Earlier this month, the OECD published a watershed document on income inequality that has gone unnoticed in Canada. The author, Frederico Cingano, argues there is a “sizeable and statistically negative” relationship between income inequality and economic growth.

He also concludes that raising income taxes on the rich can help the situation, rather than reducing growth. This report now echoes similar studies by the United Nations and the International Labour Organization, which all argued that reduced inequality promotes economic growth. So what are we waiting for?

Income inequality has today become the single most important economic issue in Canada and around the world, and one of the main issues that threatens our prosperity in the long run. 

Canada cannot be considered a prosperous country while being witness to the scourge of growing inequality of income and wealth. Governments must now make this issue their top priority or risk seeing our economy bounce around from one economic crisis to another.

In Canada, income inequality has exploded.  For example, in the last three decades the share of income owned by the top one per cent has gone from eight per cent in 1982 to 13.3 per cent in 2010.  After taxes, it went from 6.3 to 9.9 per cent. 

We must put an end to growing inequalities and must take concrete steps today to reduce it, or risk living with permanent lower average economic growth. 

Here are eight simple policies to achieve this end:

1.  Governments must make job creation their mission.  In fact, nothing short of a full employment policy will do.  Since when is unemployment an acceptable social and economic end?

2. We must raise the minimum wage and make sure that it is sufficient for Canadians to live on.  The Canadian Centre for Policy Alternatives estimates that for two working parents with two children, the living wage in Toronto should be $16.60 an hour and $14.07 in Winnipeg, a far cry of where it stands now. Many studies show raising the minimum wage does not hurt employment nor does it cause slower growth.  In fact, the contrary is true. 

3. We should adopt a guaranteed annual income for all working Canadians. There are many variations of this policy, and more work needs to be done to determine the best program for Canada, but the central idea is a sound one.

4. We must implement an inheritance tax, in order to avoid the transfer of tax-free wealth from one generation to another. Canada remains to this day one of the only industrialized countries without an inheritance tax.

5. We must cap corporate annual bonuses. It has become common for corporate CEOs to make six and sometimes seven-figure bonuses. Bonuses are certainly valid in many instances, but the practice has become extreme.

6. We must raise the number of tax brackets and marginal tax rates on higher income. We now have evidence that high or higher taxes on income do not hinder growth. So what’s stopping governments from raising the marginal tax rate on higher income to 60 per cent or even 70 per cent? Canada’s tax system has become considerably less progressive in recent years.

7. We must encourage increased unionization. This will allow workers to be better protected and in general have higher wages and better benefits.

8. We must reconsider taxes on capital gains. We must consider all capital gains as taxable income. 

As the OECD and other reports imply, the days of Thatcher-Reagan trickle-down or voodoo economics are over.  We now know that lower taxes on the rich do not promote growth.
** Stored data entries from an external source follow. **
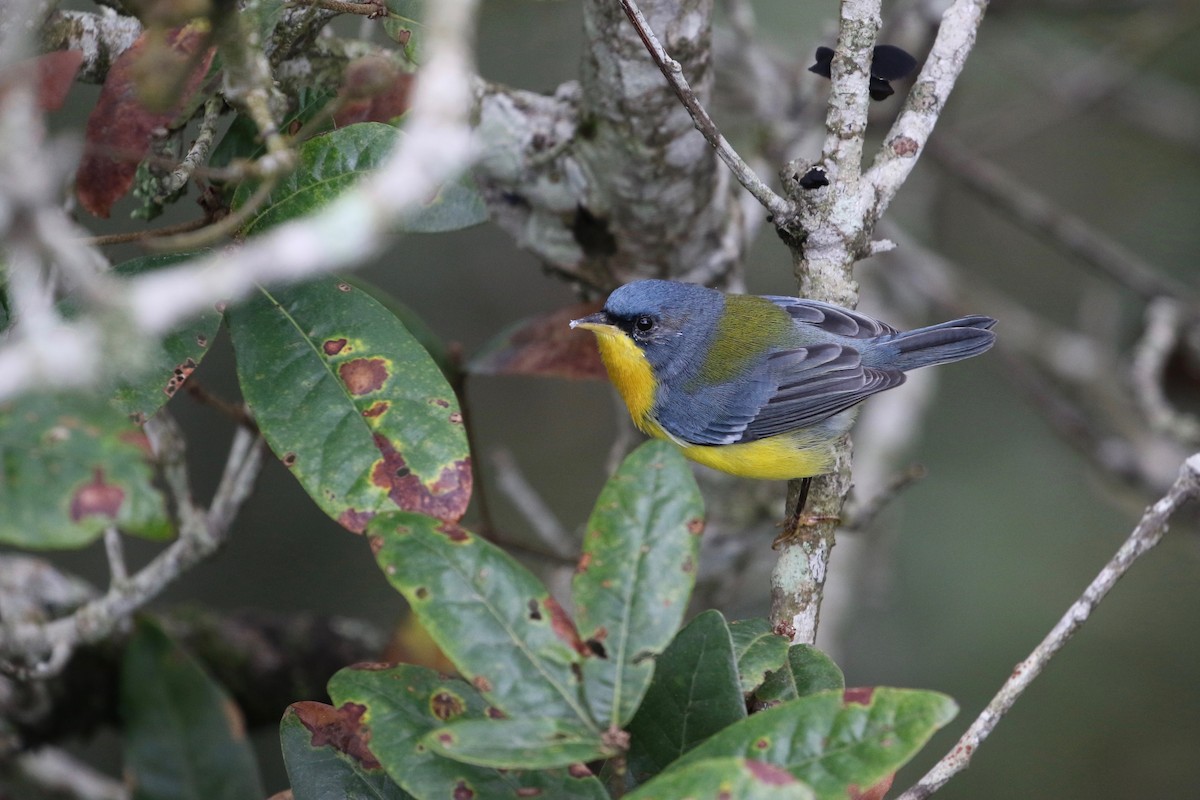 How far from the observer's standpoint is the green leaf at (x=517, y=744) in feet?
4.62

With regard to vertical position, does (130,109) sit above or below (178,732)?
above

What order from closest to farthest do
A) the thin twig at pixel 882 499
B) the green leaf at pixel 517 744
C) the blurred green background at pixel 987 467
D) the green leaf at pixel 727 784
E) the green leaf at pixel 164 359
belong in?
the green leaf at pixel 727 784 < the green leaf at pixel 517 744 < the green leaf at pixel 164 359 < the thin twig at pixel 882 499 < the blurred green background at pixel 987 467

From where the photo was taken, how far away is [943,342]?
3354mm

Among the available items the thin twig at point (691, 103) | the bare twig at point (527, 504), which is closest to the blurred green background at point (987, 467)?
the bare twig at point (527, 504)

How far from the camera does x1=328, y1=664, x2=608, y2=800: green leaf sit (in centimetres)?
158

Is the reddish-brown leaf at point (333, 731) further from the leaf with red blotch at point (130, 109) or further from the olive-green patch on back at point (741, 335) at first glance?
the olive-green patch on back at point (741, 335)

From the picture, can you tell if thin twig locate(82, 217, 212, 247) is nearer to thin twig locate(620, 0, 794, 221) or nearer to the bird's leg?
thin twig locate(620, 0, 794, 221)

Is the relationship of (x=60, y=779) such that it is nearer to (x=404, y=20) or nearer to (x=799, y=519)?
(x=799, y=519)

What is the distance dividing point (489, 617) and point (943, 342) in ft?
7.42

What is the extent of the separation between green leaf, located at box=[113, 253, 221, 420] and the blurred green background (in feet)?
9.96

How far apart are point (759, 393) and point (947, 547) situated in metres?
3.16

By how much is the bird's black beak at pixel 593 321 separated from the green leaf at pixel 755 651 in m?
1.27

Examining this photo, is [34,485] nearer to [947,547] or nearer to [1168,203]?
[947,547]

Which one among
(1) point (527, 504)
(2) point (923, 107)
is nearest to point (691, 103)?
(2) point (923, 107) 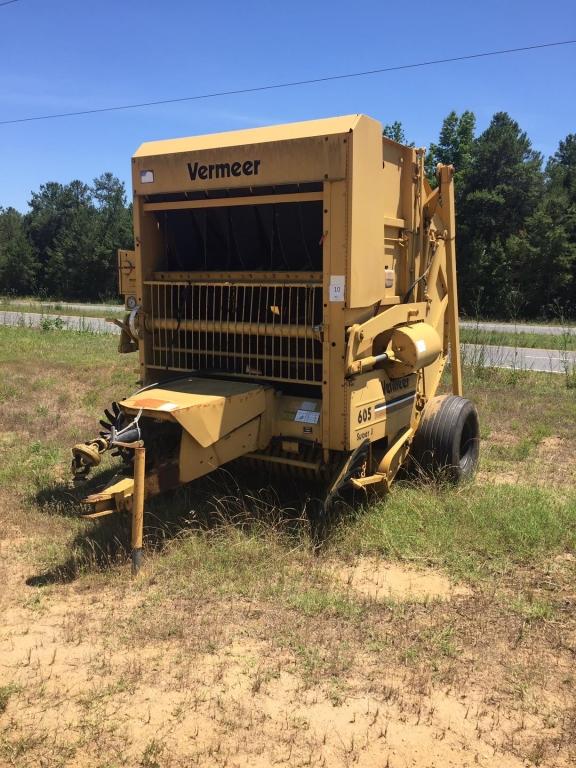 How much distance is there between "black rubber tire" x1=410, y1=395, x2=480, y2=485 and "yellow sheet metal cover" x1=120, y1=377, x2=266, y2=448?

Reducing income inequality is no longer seen as this utopian pie-in-the-sky social ideal, but rather, an instrumental component of prosperity and growth. Hopefully these reports will pave the way toward a much-needed dialogue on inequality in Canada that is long-overdue.

Many will consider these policy proposals as radical, when in fact doing nothing about inequality threatens the very economy we are all trying to save.

What is now missing is the political will. None of the federal parties have committed themselves to a serious discussion of income inequality, except for some media sound-bites. Time is running short. We must demand changes now.

Louis-Philippe Rochon is an associate professor of economics at Laurentian University and the co-editor of the Review of Keynesian Economics.